**EXERCISE GOAL**
Copy all data exactly. Skip pictures.

**DATA BLOCK**
--- START ---

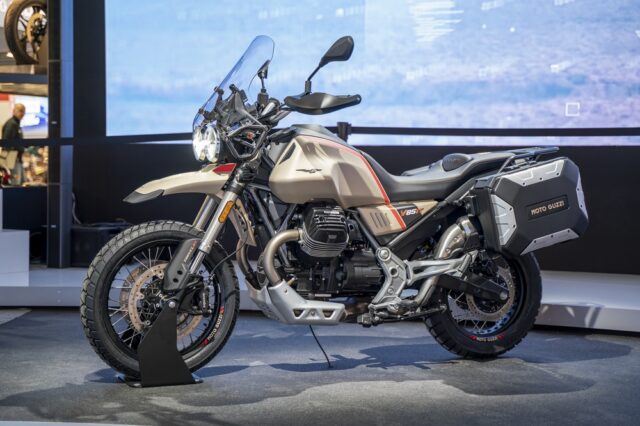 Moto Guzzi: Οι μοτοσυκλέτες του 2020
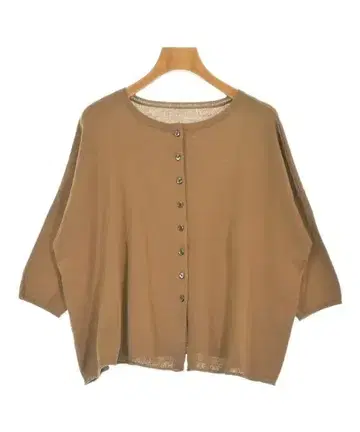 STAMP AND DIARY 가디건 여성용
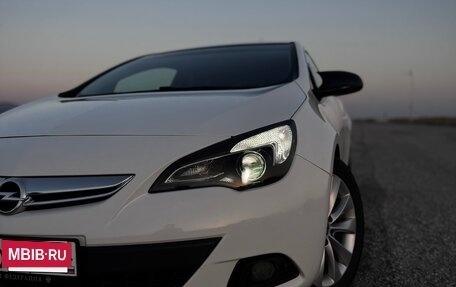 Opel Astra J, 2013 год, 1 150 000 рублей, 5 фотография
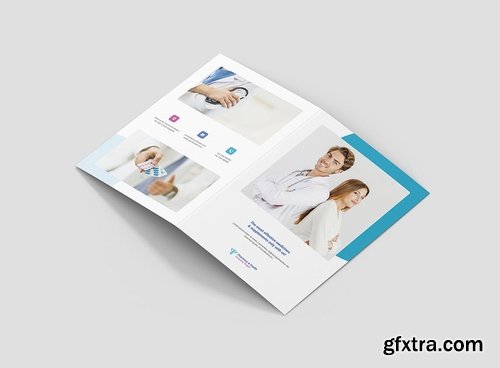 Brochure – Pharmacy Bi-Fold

--- END ---

**SOLUTION TO THIS TASK**
 Moto Guzzi: Οι μοτοσυκλέτες του 2020
 STAMP AND DIARY 가디건 여성용
 Opel Astra J, 2013 год, 1 150 000 рублей, 5 фотография
 Brochure – Pharmacy Bi-Fold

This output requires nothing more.